A PROJECT to study on how to effectively power two problematic sites in Indonesia is being financed by the Australia Indonesia Centre.

It is hoped the studies will work how to effectively power areas that have had several failed attempts at establishing reliable electricity supply.

The Indonesian Clean Energy Centre of Excellence was opened in the popular holiday destination of Bali, with a memorandum of understanding signed recently.

The collaboration will trigger a host of research projects to start supporting sustainable energy development in both countries, as the recent release of draft criteria for the Northern Australia Infrastructure Facility showed remote electrification in the tropics is also important to Australia.

The two Indonesian sites will be studied under the leadership and coordination of Professor Pujo Semedi, Dean of Arts at Gadjah Mada University in Yogyakarta, energy markets researcher Dr Ariel Liebman and anthropologist Dr Max Richter, both from Monash University.

One site is in an isolated area of West Kalimantan in Borneo where Pujo and his students have been working for many years.

The second is a group of villages on the island of Kai Besar between Darwin and West Papua.

The centre is also investigating the neighbouring island of Kai Kecil in another project focusing on food security. To get to these islands involves a flight from Ambon to Kai Kecil and another three or four hours by boat.

"It's not that there's no electricity, it's more complicated than that," Richter, who is also Monash Asia Institute deputy director, said.

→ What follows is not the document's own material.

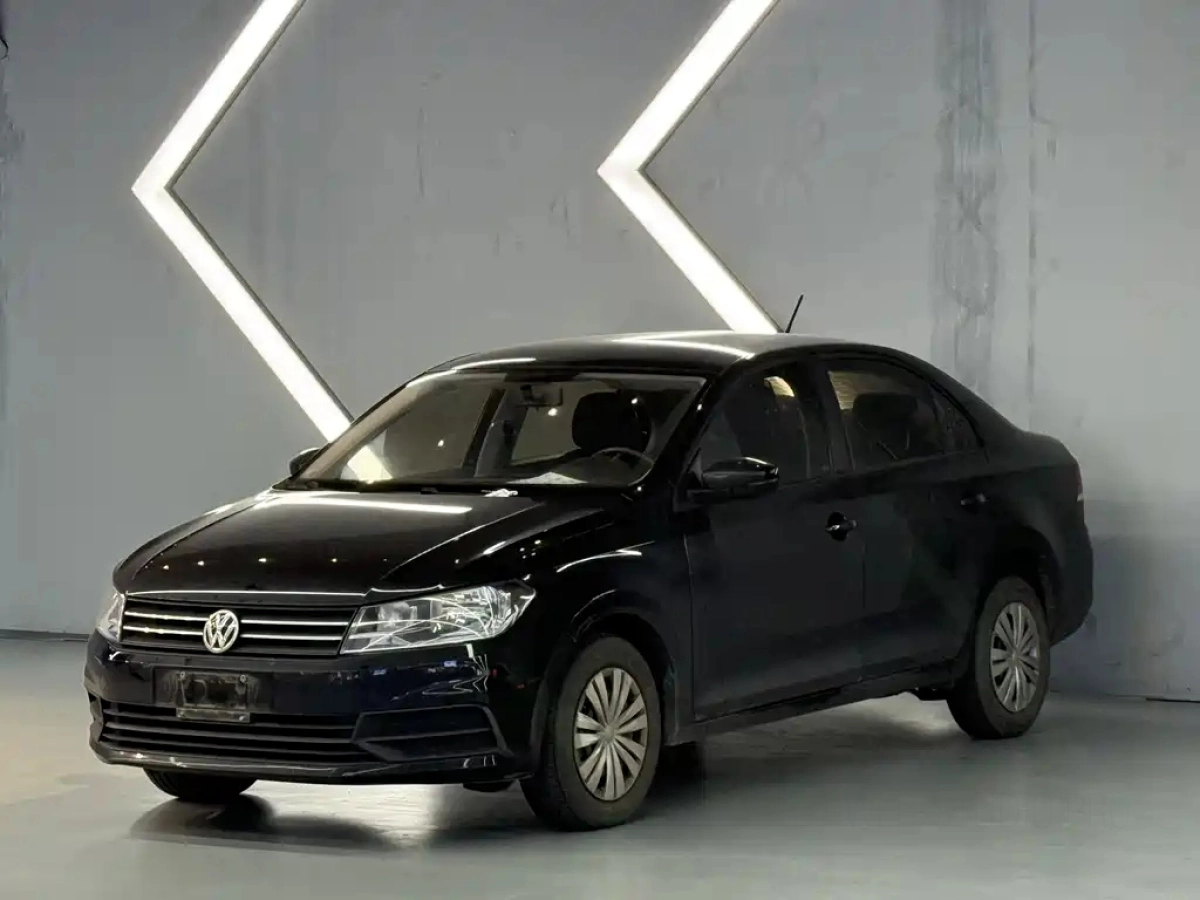 VOLKSWAGEN SANTANA  2020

"For example, there have been several attempts to establish reliable electricity supply on Kai Besar. There's a grid, poles and wires and even a photovoltaic solar array, but somehow it has failed repeatedly. So supply cannot be guaranteed."

He said there were also socio-cultural and economic considerations, such as if a village acquired a mechanical maize grinder, which automatically throws up a host of questions such as how might this change the nature of social interaction? Or who owns the grinder? Who do you charge for the electricity use? Who is responsible if it fails?"

As the problem of remote electrification is multi-pronged, so is its investigation. At the local level, the researchers have been talking to the people and particularly the village heads to ascertain their attitudes and needs.

However, providing resources also demands planning and management at the national level.

Richter said he had become interested in the regional level, where local and national meet and interact.

In the case of the Kai Islands, this is the province of Maluku whose capital is Ambon, a city he has connected with and studied over many years.